Koo K H, Kim R
Department of Orthopaedic Surgery, School of Medicine, Gyeong-Sang National University, Chinju, Republic of Korea.
J Bone Joint Surg Br. 1995 Nov;77(6):875-80.
In a randomised trial comparing core decompression with conservative treatment we tested the hypothesis that the extent of necrosis at the initial MRI predicts the subsequent risk of collapse of the femoral head. After the initial clinical evaluation, including plain radiography and MRI, 37 hips with early-stage osteonecrosis (ON) in 33 patients were randomly assigned to a core-decompression group or a conservatively-treated group. All were followed regularly by clinical evaluation, plain radiography and MRI at intervals of three months.
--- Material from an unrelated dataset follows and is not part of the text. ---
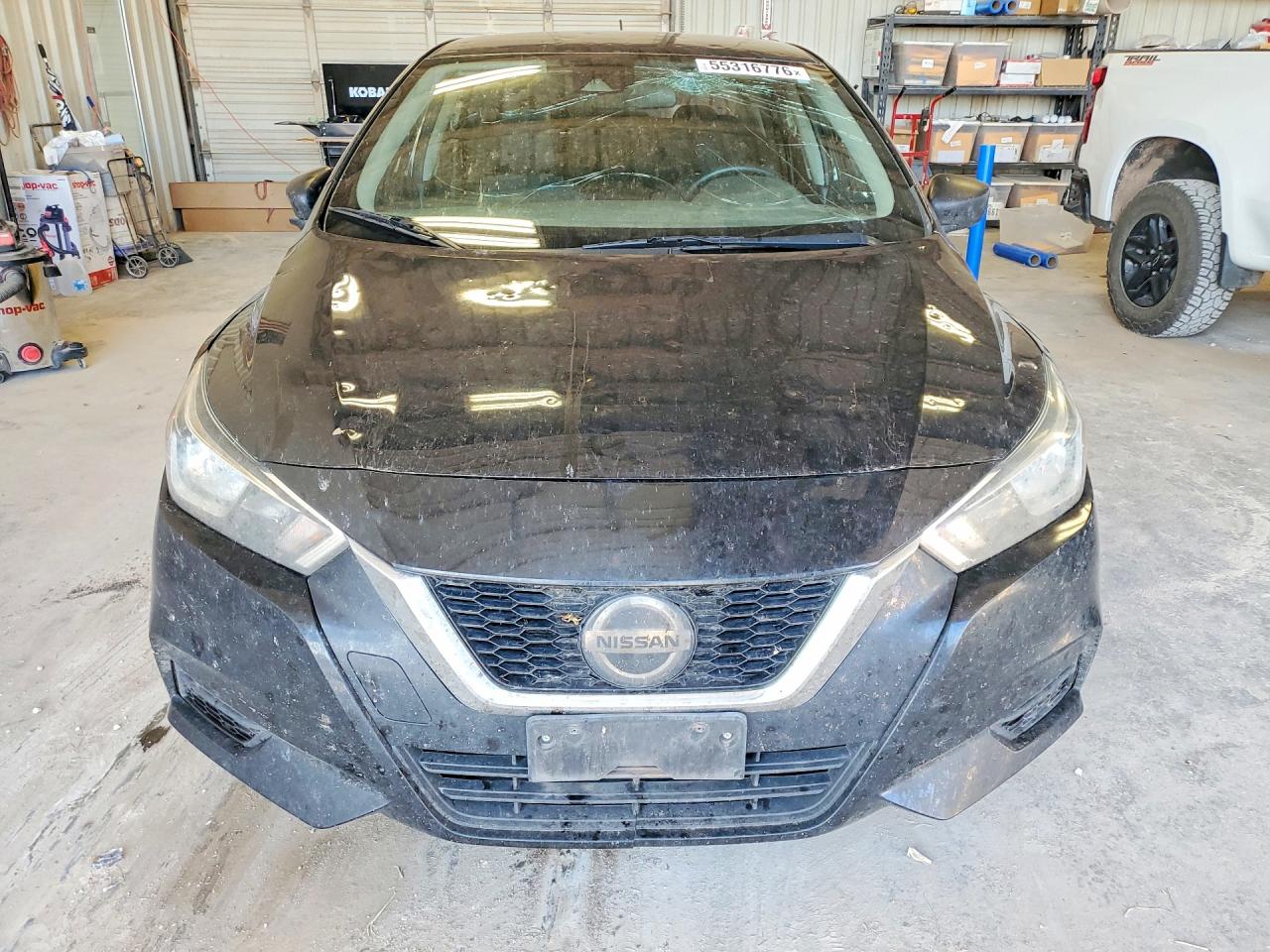 2020 NISSAN VERSA
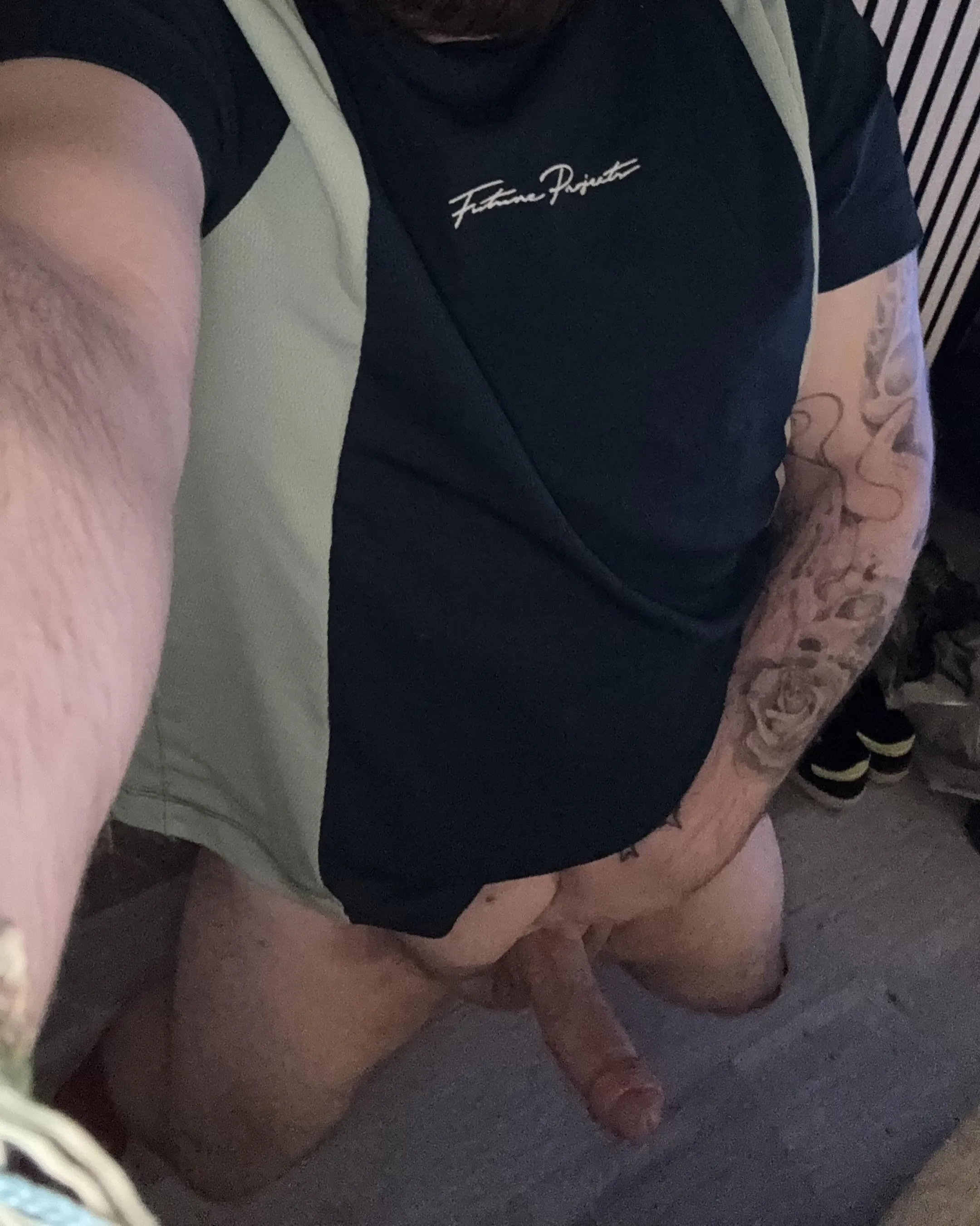 Come handle my small package with care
The extent of ON was estimated on the basis of abnormal signal intensity in the weight-bearing portion of the femoral head as determined from a combination of coronal and sagittal MRIs. The arc of the necrotic portion in the mid-coronal image (A) and that in the mid-sagittal image (B) were used to quantify the extent of necrosis by the formula: (A/180) x (B/180) x 100. There was a strong correlation between this index and the risk of collapse before and after adjustment for age, gender, stage and treatment group. We conclude that the extent of the necrotic portion ascertain by this method is a major predictor of future collapse. We propose a systematic method of determining the index of the necrotic portion which may be clinically useful in the management of early-stage ON of the femoral head.
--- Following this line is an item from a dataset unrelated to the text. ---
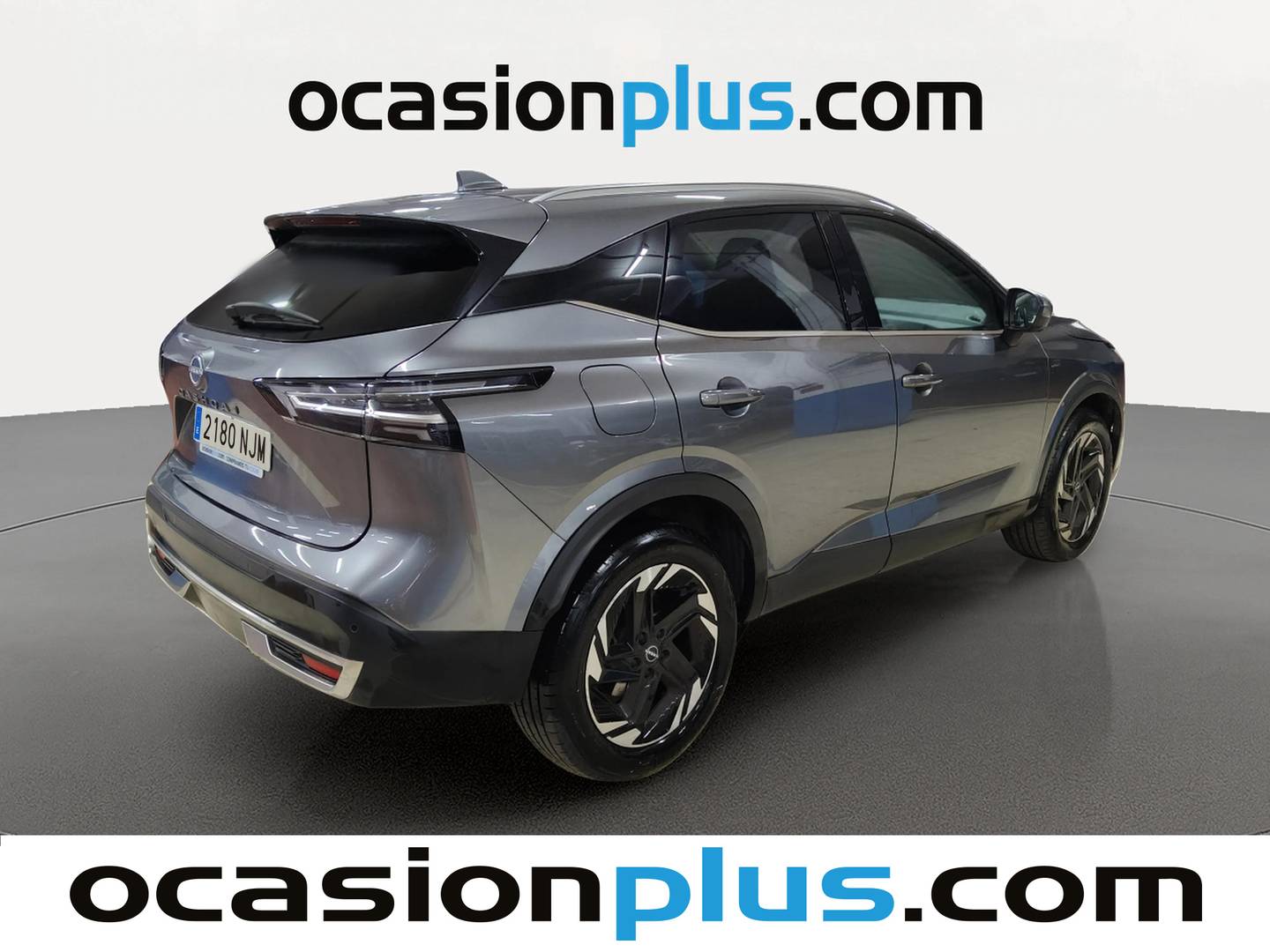 Foto Nissan QASHQAI Nissan Qashqai DIG-T 140 N-Connecta (140 CV)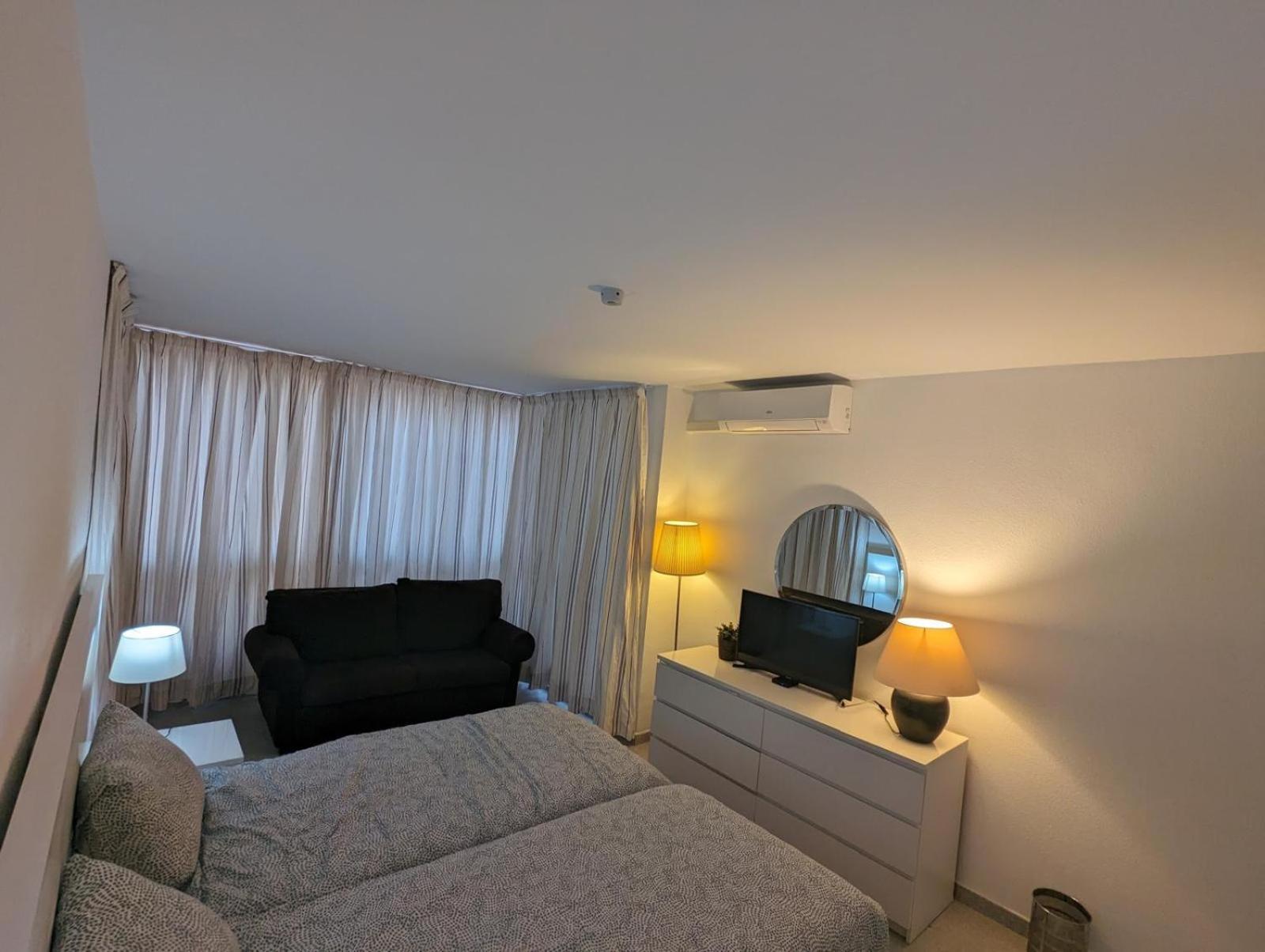 Casa Silvia Apartman Torremolinos Kültér fotó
在一项比较髓芯减压术与保守治疗的随机试验中,我们检验了这样一个假设:初始磁共振成像(MRI)时的坏死范围可预测股骨头随后塌陷的风险。在包括X线平片和MRI在内的初始临床评估之后,将33例患者的37个早期骨坏死(ON)髋关节随机分为髓芯减压组或保守治疗组。所有患者均每隔三个月定期接受临床评估、X线平片和MRI检查。根据冠状面和矢状面MRI联合确定的股骨头负重部分的异常信号强度来评估骨坏死的范围。利用中冠状面图像(A)和中矢状面图像(B)中坏死部分的弧度,通过公式:(A/180)×(B/180)×100来量化坏死范围。在对年龄、性别、分期和治疗组进行调整前后,该指标与塌陷风险之间均存在很强的相关性。我们得出结论,通过该方法确定的坏死部分范围是未来塌陷的主要预测指标。我们提出了一种确定坏死部分指标的系统方法,这在股骨头早期ON的管理中可能具有临床实用性。